User:Eufalesio/PLIN
This article proposes a way to name any intervals and pitches, logically extending conventional notations following Pythagorean tuning into a minimal system, with some of my own flairs.
Preamble
There are many ways to name intervals and pitches, both in edos and in JI, which can be generalized into four buckets:
JI notations
HEJI, Johnston's notation, FJS, Color notation... etc. They can be used to notate every interval in JI exactly, up to a limit (except FJS which can notate ∞-limit JI). They are perfect, in the sense that the intervals they describe are unique, but the mappings can be unintuitive, and its derivations may become extremely complex. They are also very weird to speak generally (except for color notation, by design). What they have in rigor, they mostly lack in flexibility and intuitiveness.
Tempered notations
Ups and downs, edosteps, generator(s)+period(s) of a special temperament... etc. They can be used to notate a finite set of intervals, with a finite maximum variety. Unlike in JI notations, these notations are dependent on the working temperament/edo to make sense, so in theory there are infinitely many ways to call an interval depending on the mapping, and none of those will be exact due to the nature of temperaments. They are however, extremely versatile, and very practical, great for everyday use, and very easy to speak.
Loosely defined terms
Inheriting the chain of fifths notation (unison, second, third... + major/minor/perfect/(neutral) (+ augmented/diminished)), and adding other descriptors to further converge to the meaning. This category is not rigorously defined and very idiosyncratic. It is common to see super-, sub-, ultra-, infra-, lesser, greater, harmonic/otonal, utonal... and primes spoken like Latinate adjectives. And of course, proper names... yes, I'm talking to you!
Compromise notations
The only notation I have knowledge of that can be sensibly called a "compromise notation" is Sagittal. It can be used to notate almost every tuning imaginable, combining mapping with JI-ish accidentals at high enough complexity. They share the versatility of tempered notations combining it with the exactitude of JI, converging towards a JI interval that is represented through accidentals that represent both a mapping and a precise comma.

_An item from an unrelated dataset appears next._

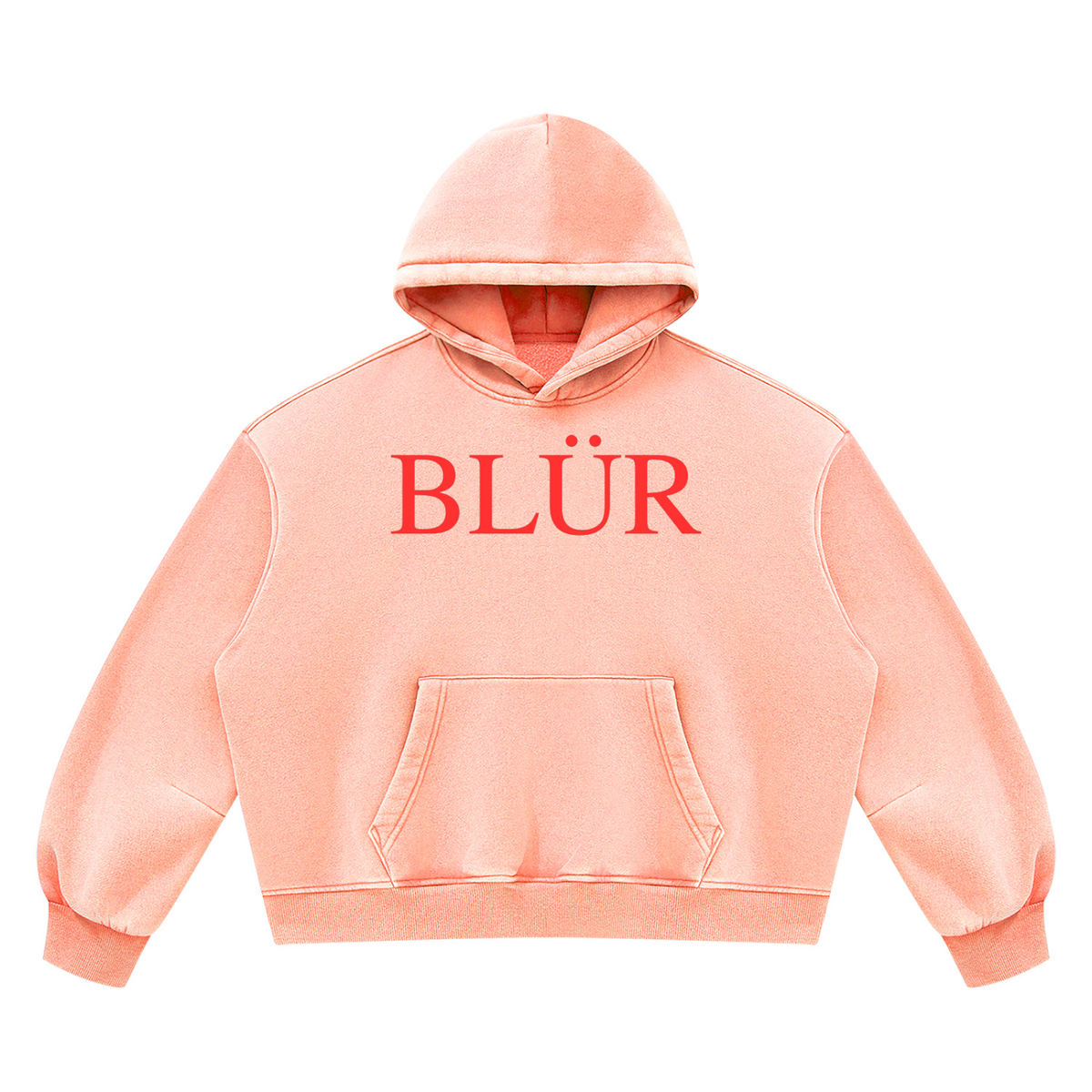 Blǔr abstract  hoodie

PLIN, the focus of this article, aims to be such another notation.
PLIN
Short for Pythagoreanoid Loose Interval Notation, it's a type of 2.3-equivalent class. It attempts to provide precision tiers to name intervals, based on a chain of pure fifths. The reason of why to use a chain of fifths, apart from tradition and my biases, is that it provides the simplest framefork for building scales, and because it is the most widely used worldwide. Why to use pure fifths and not an edo's best approximation of a fifth is to have a retrocompatible sistem. Among the lower primes, it makes the best small MOS scales (2,3,5,(7),12,(17),(29),41,53), second in place to 11 (2,5,(7),(9),11,13,24,37). An argument could be made to make a system based on 11 to build scales, but that's beyond the scope of this article. After all, this is about a pythagoreanoid notation, not a hendecoid notation.
The notation, much like Sagittal, comes in precision packs, which are the 12-form PLIN, 53-form PLIN, 159-form PLIN, 665-PLIN and 7315-form PLIN. The reason why to have these numbers of intervals is that they are part of the sequence of 3-2 telic edos that have high limit consistencies, and the biggest they can be. Each finer PLIN adds one more class of independent prefixes, from the others, having one (nominals) with 12-PLIN, and up to 5 with 7315-PLIN, which for some intervals will become hard to distinguish.

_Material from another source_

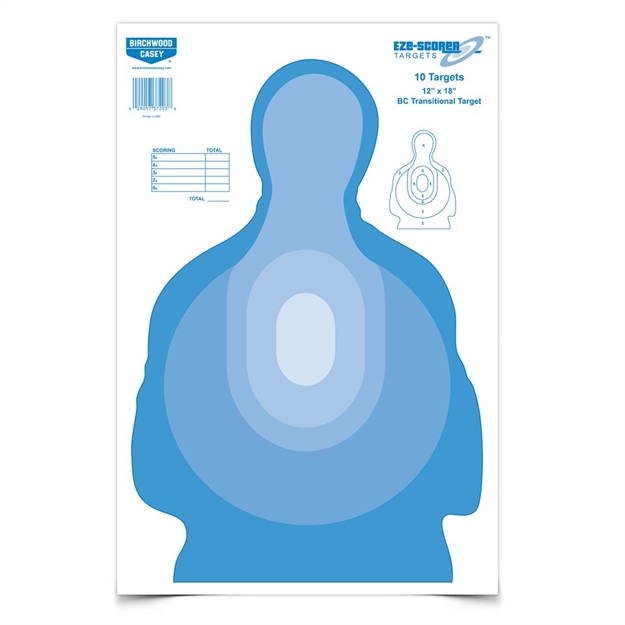 Picture of Birchwood Casey EZ Score 12X18 BC T-Bl 100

If you say you need one beyond 7315, you are beyond insane. The next edo on the k-strong 3-2 telic list is the gargantuan 190537edo. If you're stubborn enough to do so, have fun using twelfths of a satanic comma! And you will need to stack that twelfth interval up to 140 times in either direction, because a 306-comma is 281/12 satanic commas. That sounds like hell, both figuratively and literally. Whoever named the satanic comma, surely knew what pain in the ass was to work with it. If not, that's a damned too good of a coincidence to overlook.
But enough with the religious puns. You do NOT need it. At that point, just use FJS.
How PLINs work
PLINs generate regions whose center correspond to a pure pythagorean interval generated by the chain-of-fiths, For example, there are infinite minor sixths, no matter how much you narrow the buckets, but there is only one true minor sixth, and that is 128/81.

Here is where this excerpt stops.